**WHAT TO WORK ON**: Lines from the one containing "Houston Astros Snoopy" through the final line of the data, restated word for word and free of pictures, make up the whole answer.

*** Block opens ***

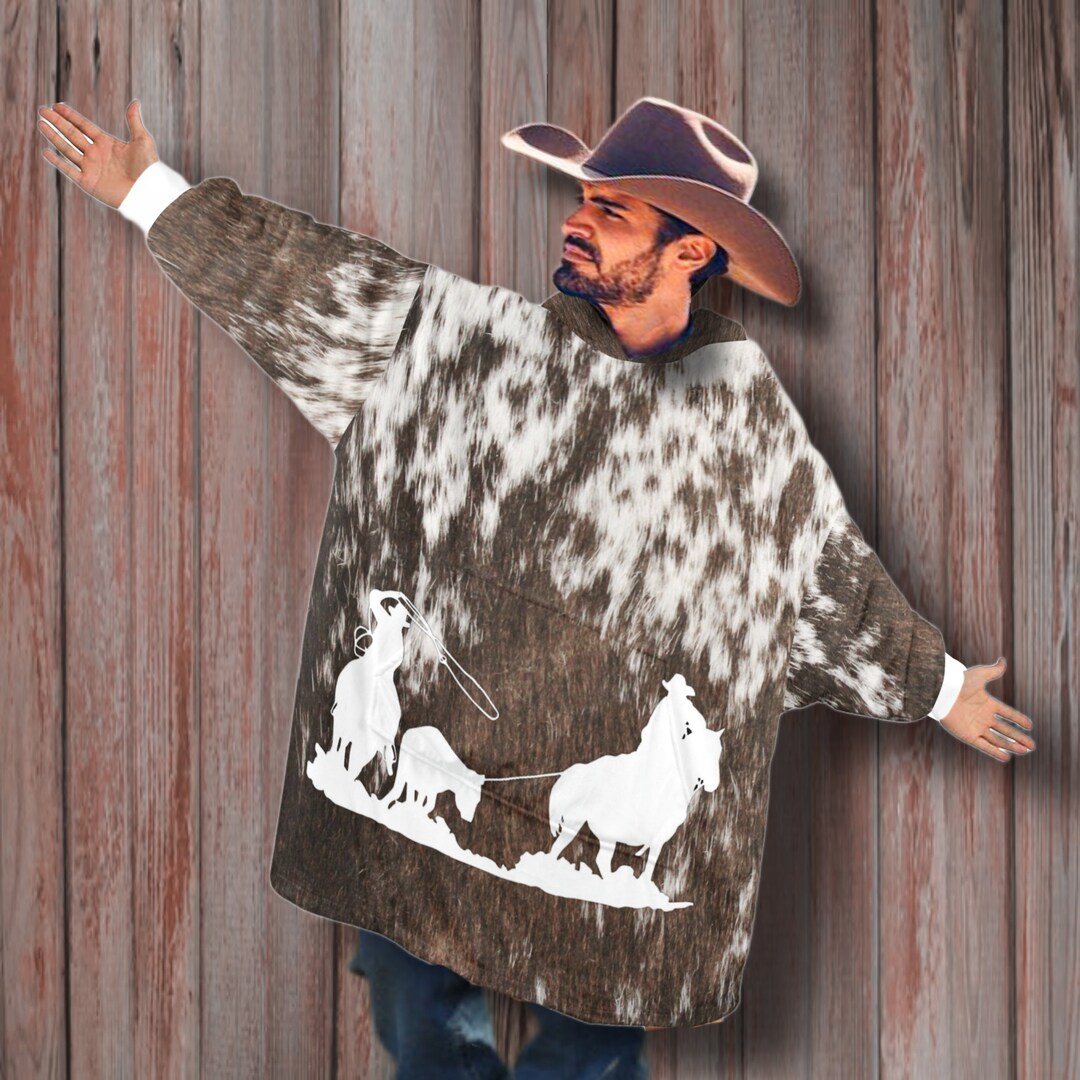 Western Giant Blanket Hoodie, Western Christmas Gift for Cowgirl and ...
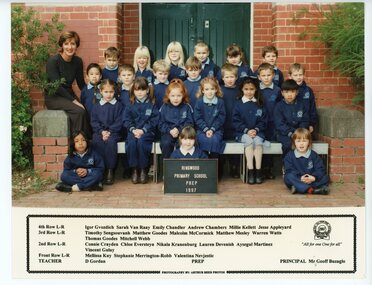 Photograph, Ringwood Primary School - Prep grade students- 1997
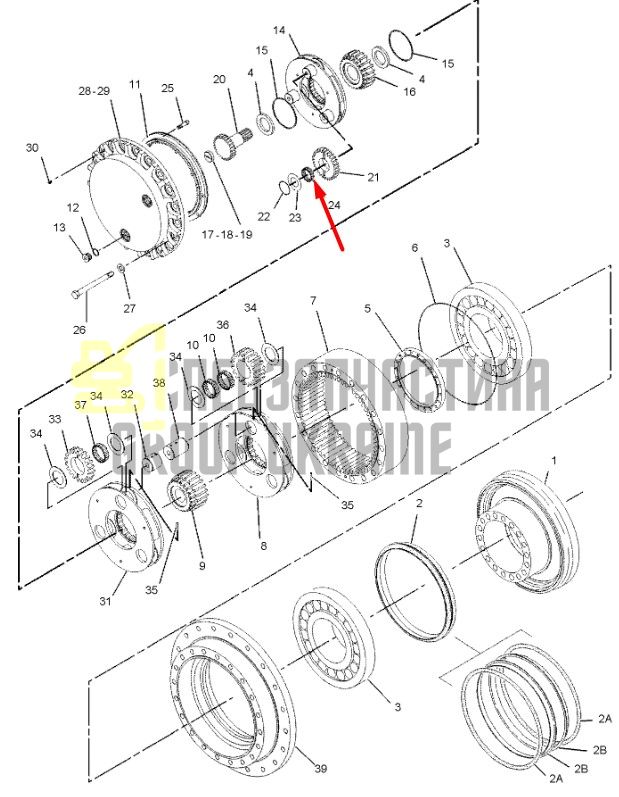 191-2677 Подшипник сателлита редуктора CAT 324D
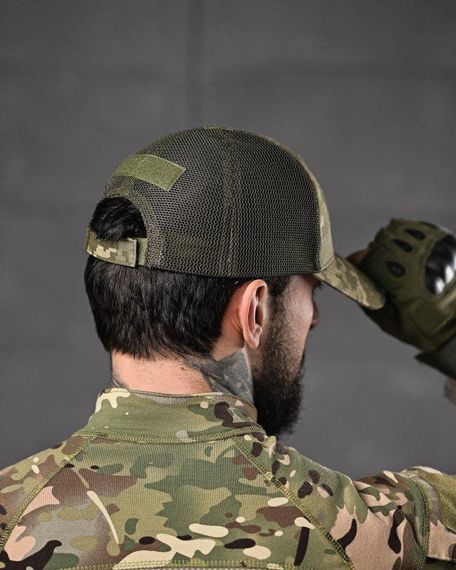 Тактична бейсболка сітка піксель ДЛ6459 | Зображення 2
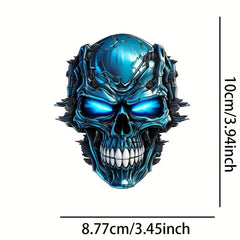 Heavy Metal Skull Sticker Car Decal Waterproof Computer Sticker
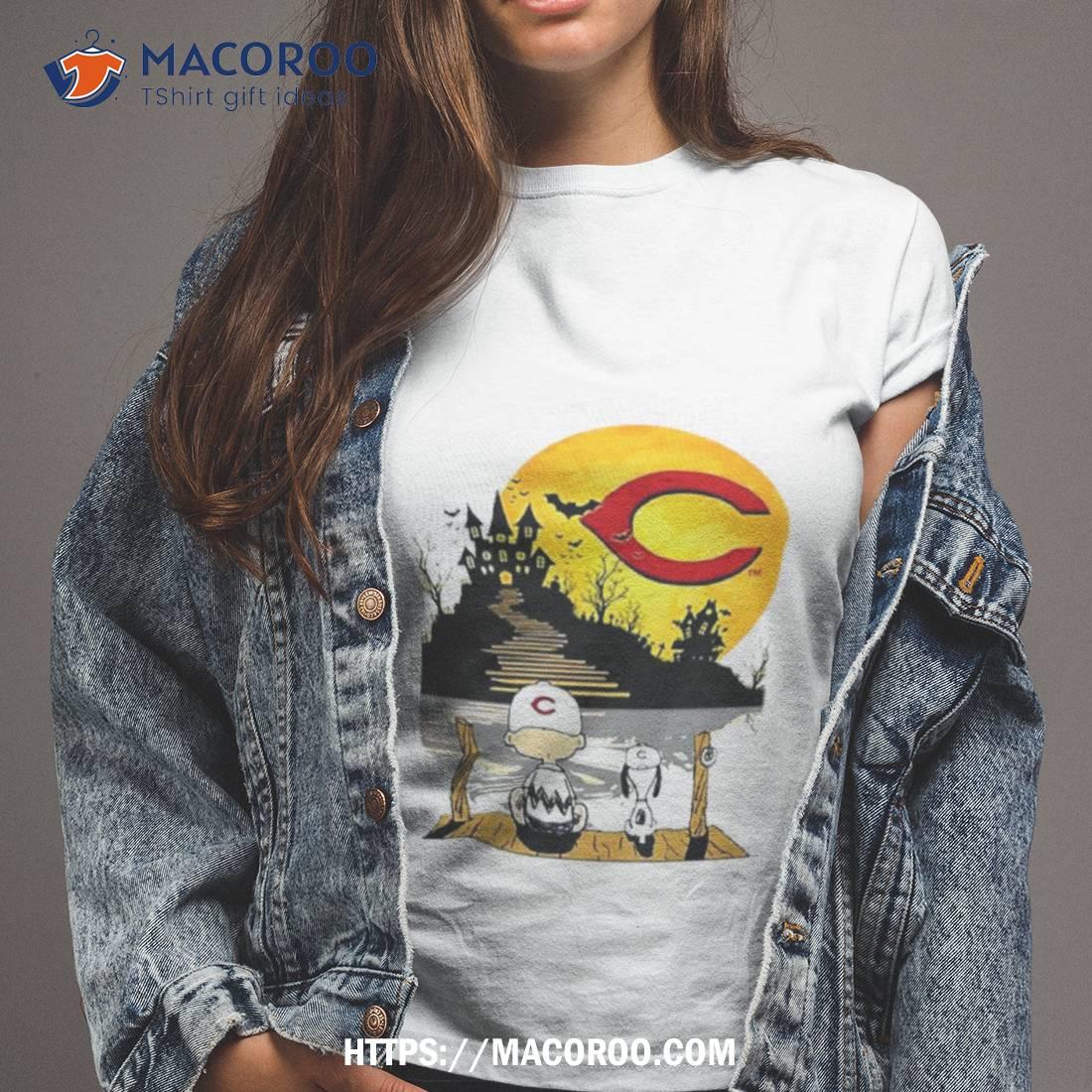 Houston Astros Snoopy and Charlie Brown Sit Under Moon Peanuts Halloween  2023 Shirt, hoodie, longsleeve, sweater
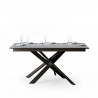 Ganty Long 90x160-220 cm hvid farvet lille træ spisebord udtræk Tilbud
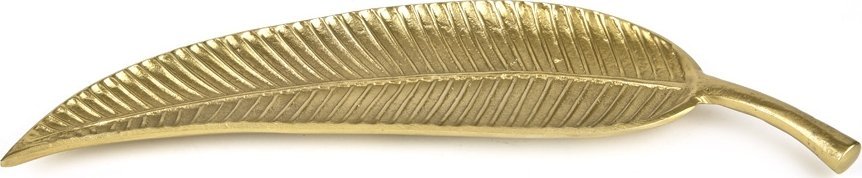 Witek Home Patera Liść mosiądz 60cm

*** Block closes ***

**ANSWER TO THIS TASK**:
 Houston Astros Snoopy and Charlie Brown Sit Under Moon Peanuts Halloween  2023 Shirt, hoodie, longsleeve, sweater
 Ganty Long 90x160-220 cm hvid farvet lille træ spisebord udtræk Tilbud
 Witek Home Patera Liść mosiądz 60cm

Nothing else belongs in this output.